Kenya Tana River renewed ethnic clashes kill 30
At least 30 people have been killed in renewed ethnic clashes in south-east Kenya.
Children and policemen were among those killed in an attack on a village by hundreds of people.
Nearly 100 people have now been killed in the clashes in the eastern Tana River district since last month.
Rival ethnic groups have been involved in tit-for-tat violence over cattle-grazing rights in the region, one of the poorest in Kenya.
The Red Cross said that in this latest violence, Kilelengwani village was attacked on Monday by more than 300 people, who set fire to 167 houses.
At the scene
The Tana Delta has a deceiving allure of peace, with mango trees dotting the river banks and a calm wind blowing from the nearby Indian Ocean.
The village of Chamwanamuma, which was attacked by members of the pastoral Orma community last week was almost deserted on Sunday, except for with young men armed with bows and arrows.
Women and children were fleeing the area and seeking refuge in a nearby school.
I met a 15-year-old boy who told me he was leaving for Mombasa.
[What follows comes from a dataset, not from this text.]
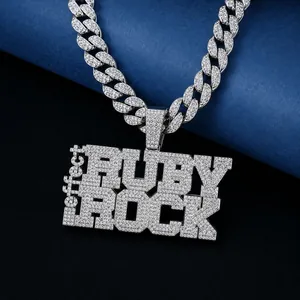 Collana Hip Hop a Maglia Cubana in Lega con Strass Doppia Fila di Lettere Ruby Rock Effect Grande Pendente per Uomo Gioielli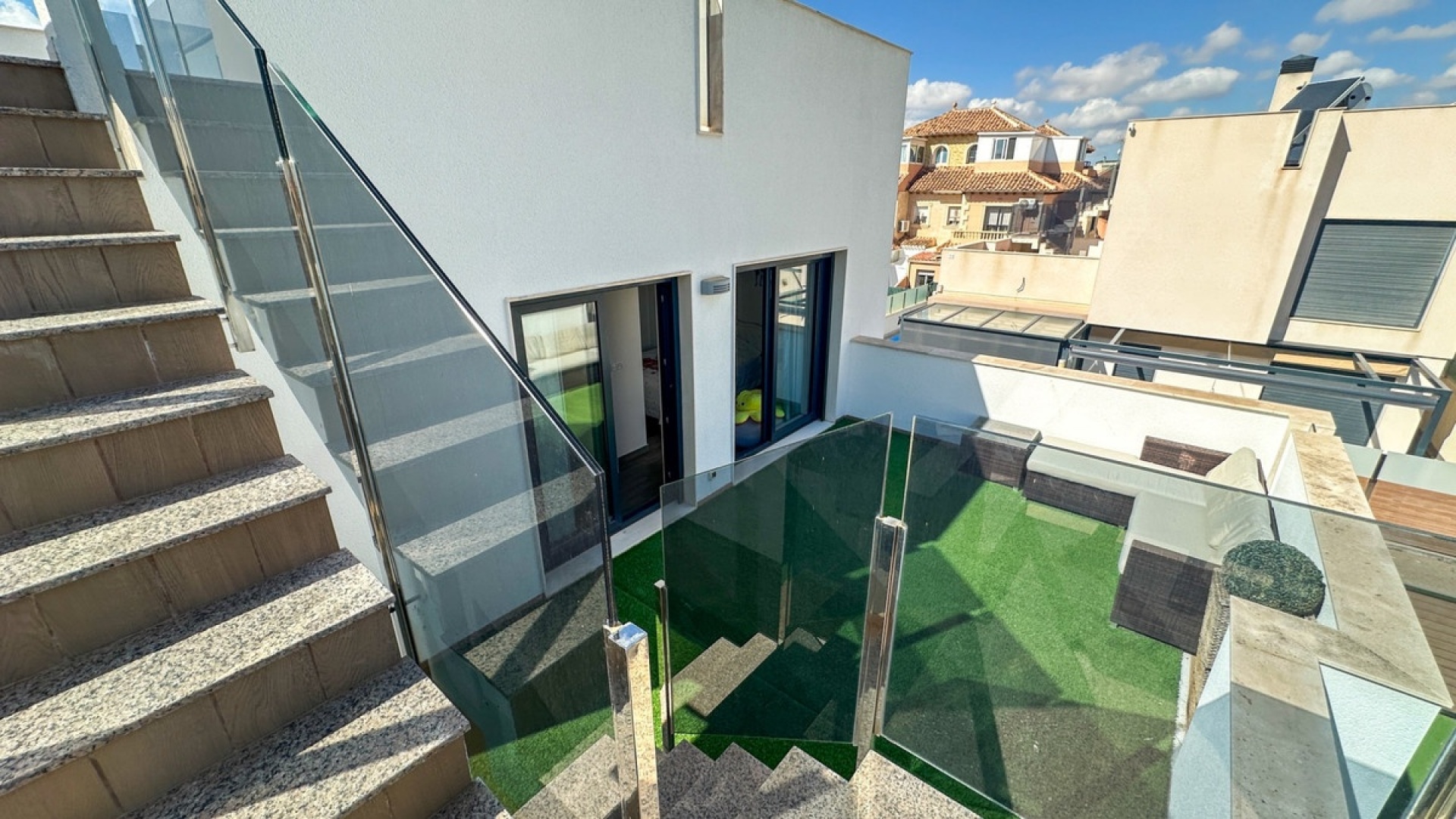 Resale - Villa - Torrevieja - Torrevieja Centro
His parents had died in the clashes. ''I'm selling my chicken so that I can raise my fare,'' he said.
It was clear from the utterances of some of the Pokomo villagers that a revenge attack was imminent - and this now seems to have happened.
"The bodies have not been removed from the ground... The situation is getting dangerous, something needs to be done urgently," Kenya Red Cross chief Abbas Gullet said in a statement.
Mr Gullet put the death toll at 39, saying eight children were among the dead.
A police spokesman told the BBC that 30 people had been killed, including eight policemen.
Last month more than 50 people were killed in the fighting and a further 12 died last week.
It is the worst violence to hit Kenya since disputed presidential elections in 2007.
The Orma and Pokomo communities have a long history of tension over access to land and water in this ecologically rich area.
The Pokomo are mostly farmers, while the Orma are semi-nomadic cattle-herders.
The BBC's Anne Mawathe, who visited the area at the weekend, says it was clear that there would be a new revenge attack and this now seems to have happened.
She says the long-standing rivalry between the two communities has been made worse by an influx of weapons from neighbouring Somalia.
Some analysts say there may be a link between the violence and parliamentary and presidential elections which are due in March 2013.